By: Yvonne Fox
Mulgrave was a self sufficient town in 1951. The number of men employed by the Federal and Provincial governments with the Canadian National Railway and the car ferries was 288 which was two thirds of the total full time working force.
When the announcement was made in June 1951 that a causeway was to be built between mainland Nova Scotia and Cape Breton Island, the people of Mulgrave knew they were in trouble. There were 1,159 people according to the census living in the town that year with another 87 living beyond the boundaries but included in the school district.
By 1953, there was significant progress on the construction of the Canso Causeway as it inched its way across the Strait of Canso.

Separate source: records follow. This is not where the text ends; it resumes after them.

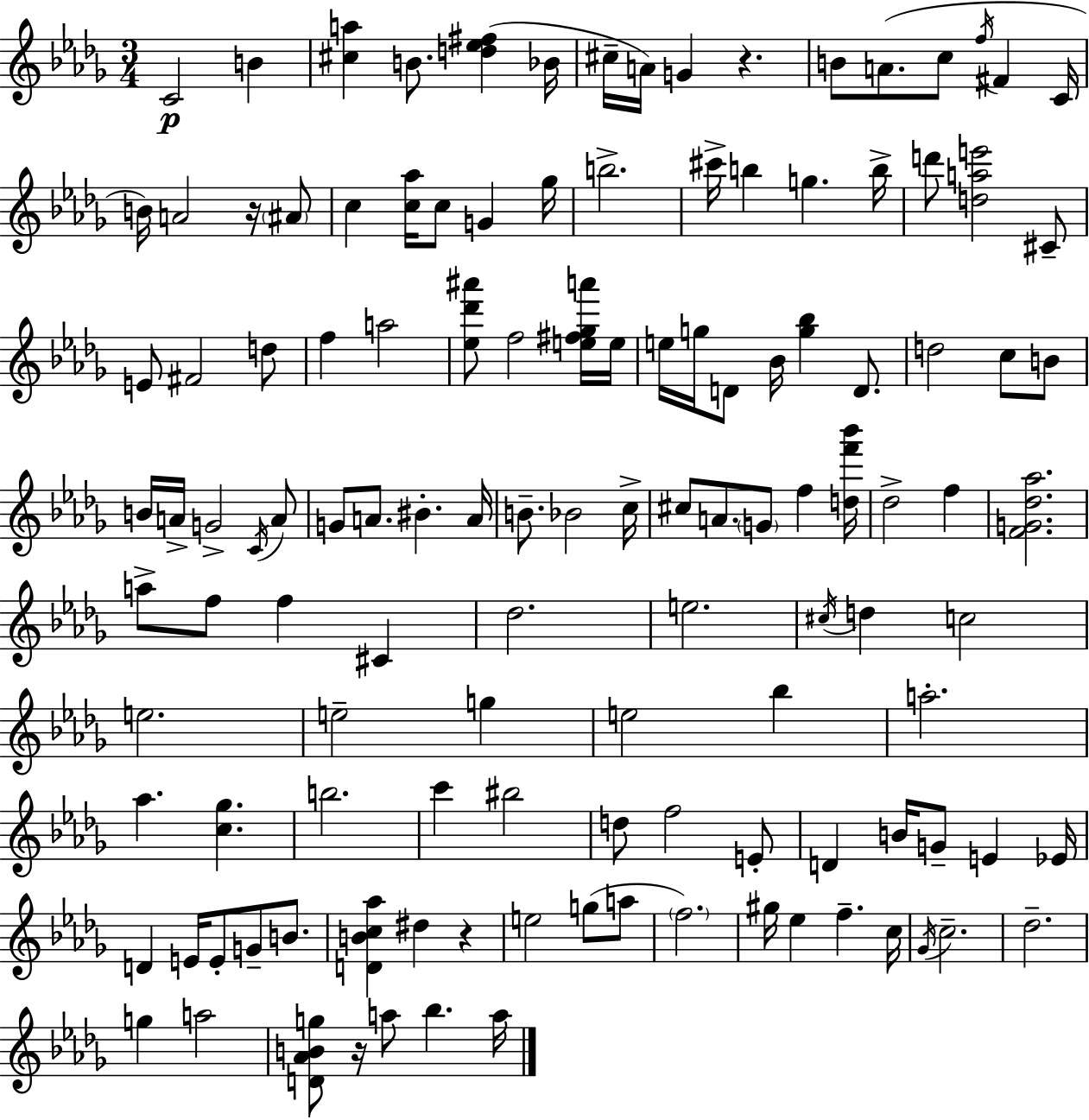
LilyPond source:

{
  \clef treble
  \numericTimeSignature
  \time 3/4
  \key bes \minor
  c'2\p b'4 | <cis'' a''>4 b'8. <d'' ees'' fis''>4( bes'16 | cis''16-- a'16) g'4 r4. | b'8 a'8.( c''8 \acciaccatura { f''16 } fis'4 | \break c'16 b'16) a'2 r16 \parenthesize ais'8 | c''4 <c'' aes''>16 c''8 g'4 | ges''16 b''2.-> | cis'''16-> b''4 g''4. | \break b''16-> d'''8 <d'' a'' e'''>2 cis'8-- | e'8 fis'2 d''8 | f''4 a''2 | <ees'' des''' ais'''>8 f''2 <e'' fis'' ges'' a'''>16 | \break e''16 e''16 g''16 d'8 bes'16 <g'' bes''>4 d'8. | d''2 c''8 b'8 | b'16 a'16-> g'2-> \acciaccatura { c'16 } | a'8 g'8 a'8. bis'4.-. | \break a'16 b'8.-- bes'2 | c''16-> cis''8 a'8. \parenthesize g'8 f''4 | <d'' f''' bes'''>16 des''2-> f''4 | <f' g' des'' aes''>2. | \break a''8-> f''8 f''4 cis'4 | des''2. | e''2. | \acciaccatura { cis''16 } d''4 c''2 | \break e''2. | e''2-- g''4 | e''2 bes''4 | a''2.-. | \break aes''4. <c'' ges''>4. | b''2. | c'''4 bis''2 | d''8 f''2 | \break e'8-. d'4 b'16 g'8-- e'4 | ees'16 d'4 e'16 e'8-. g'8-- | b'8. <d' b' c'' aes''>4 dis''4 r4 | e''2 g''8( | \break a''8 \parenthesize f''2.) | gis''16 ees''4 f''4.-- | c''16 \acciaccatura { ges'16 } c''2.-- | des''2.-- | \break g''4 a''2 | <d' aes' b' g''>8 r16 a''8 bes''4. | a''16 \bar "|."
}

By March 1953 as work on the causeway inched through the heavy ice in the Strait of Canso, Mayor Leonard O’Neil and town council and a representative body of citizens undertook to produce a seven page publication outlining their reality and proposals.

First was that the Canadian National Railway construct and maintain a spur line along the coast from the mainland entrance to the causeway to the Town of Mulgrave, second that the provincial government be urged to erect a power plant in the vicinity of Mulgrave which will utilize coal for the production of electric energy and third, that a pulp and paper mill be operated in the Mulgrave area.

This is the seventh in a series of columns from the Port Hastings Historical Society celebrating the 65th anniversary of the opening of the Canso Causeway, and marking the closure of the Mulgrave to Point Tupper ferry.